According to a Harvard-led study, eating walnuts regularly may be linked to a decreased risk of death and a longer life expectancy in older persons than those who do not. Walnuts may reduce mortality risk and increase life expectancy, research suggests.
Five or more servings of walnuts per week may provide the most significant benefit for those with poor diet quality. The researchers carried out the study at Harvard T.H. Chan School of Public Health in the US.
When compared to those who did not consume walnuts, eating five or more servings per week was related to a 14 % lower risk of mortality from any cause, a 25% lower chance of dying from cardiovascular diseases (CVD), and a gain of around 1.3 years in life expectancy.
According to the researchers, even among adults who ate a poor diet, increasing walnut consumption by half a serving per day was linked to health advantages, including a 12% lower risk of death and a 26% lower risk of death from cardiovascular illnesses.
Observational study
The researchers looked at data from 67,014 women from the Nurses Health Study, who were on average 63.6 years old, and 26,326 men from the Health Professionals Follow-up Study, who were on average 63.3 years old in 1986.
Participants were generally good when they began the research, and they were followed for around 20 years (1998-2018).
Participants reported on their general food consumption, including how often they consumed walnuts, other tree nuts, and peanuts, as well as lifestyle characteristics such as exercise and smoking status every four years.
The researchers were able to find links between walnut consumption at various levels and several health indicators associated with longevity using this information.
“We found that participants who consumed more walnuts, as well as consumed them more frequently, had a decreased risk of all-cause fatality and CVD mortality compared to non -consumers, the study’s,” authors said.
The findings of this observational study do not show cause and effect. Still, the researchers give insight into how walnuts may enhance an overall healthy lifestyle that promotes lifespan.
Health Benefits of Walnut
- Walnuts are one of the richest sources of omega-three fatty acids, which help to improve brain function and alleviate depressive symptoms.
- Walnuts have one of the wealthiest dietary antioxidants, such as vitamin E, ellagic acid, melatonin, carotenoids- amongst all other nuts and berries.
- Walnuts promote good digestion, metabolism, and a robust immune system.
- Walnuts reduce inflammation and improve blood vessel function.
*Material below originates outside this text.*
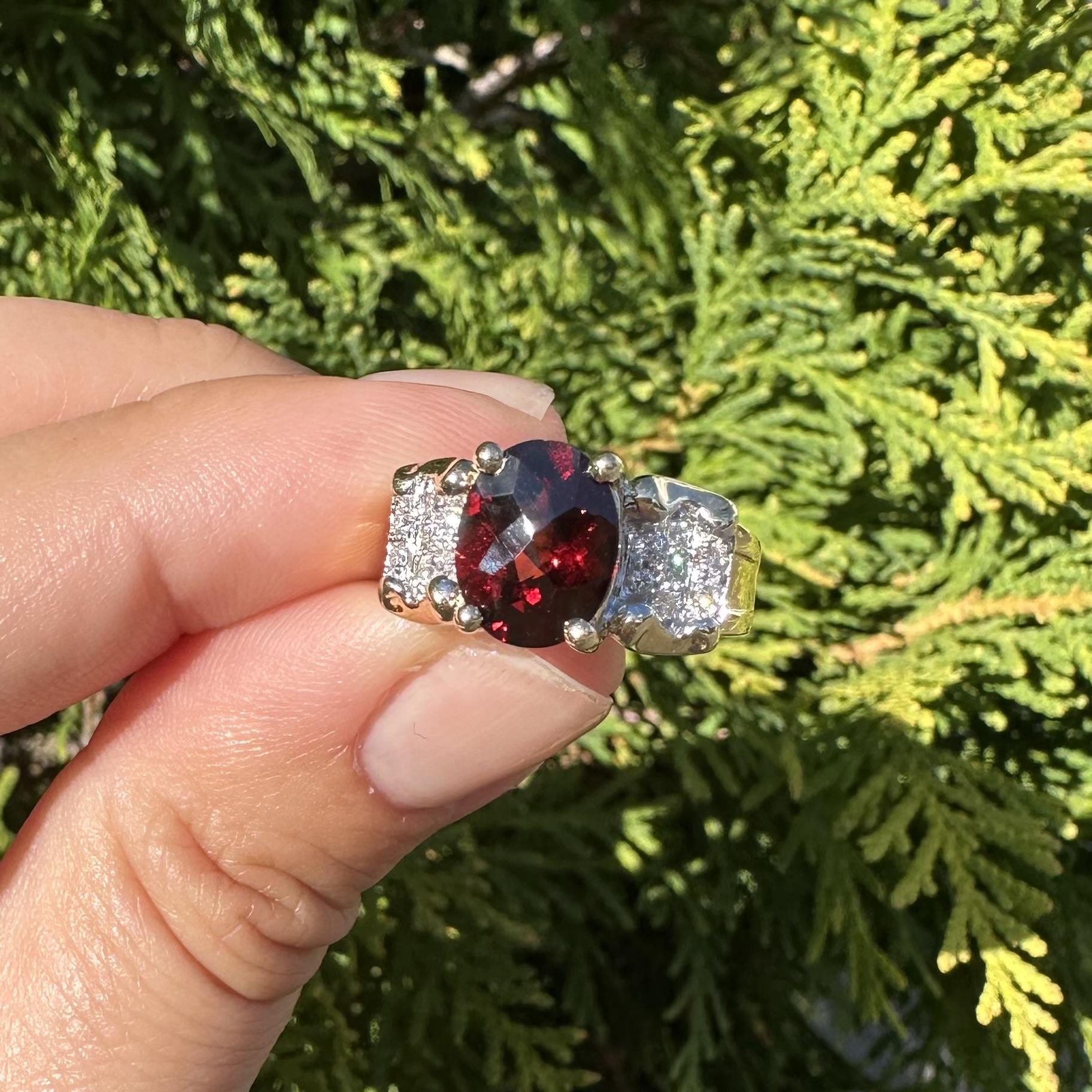Anello a fascia larga in oro giallo 14k con granato ovale da 2 carati e accenti di diamanti in pavé In condizioni ottime in vendita a Montclair, NJ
Omega-3 fatty acids help lower cholesterol, reduce inflammation, and enhance blood flow through the arteries. The E in walnuts is in a very heart-protective form (gamma-tocopherol).
- Walnuts suppress hunger which aids weight loss, and they can also be consumed as a snack on their own.
- They can be eaten raw and retain their nutritional content. You may roast them and use them in salads or blend them into banana and mango smoothies. You may also use them to add a healthy dosage to sauces.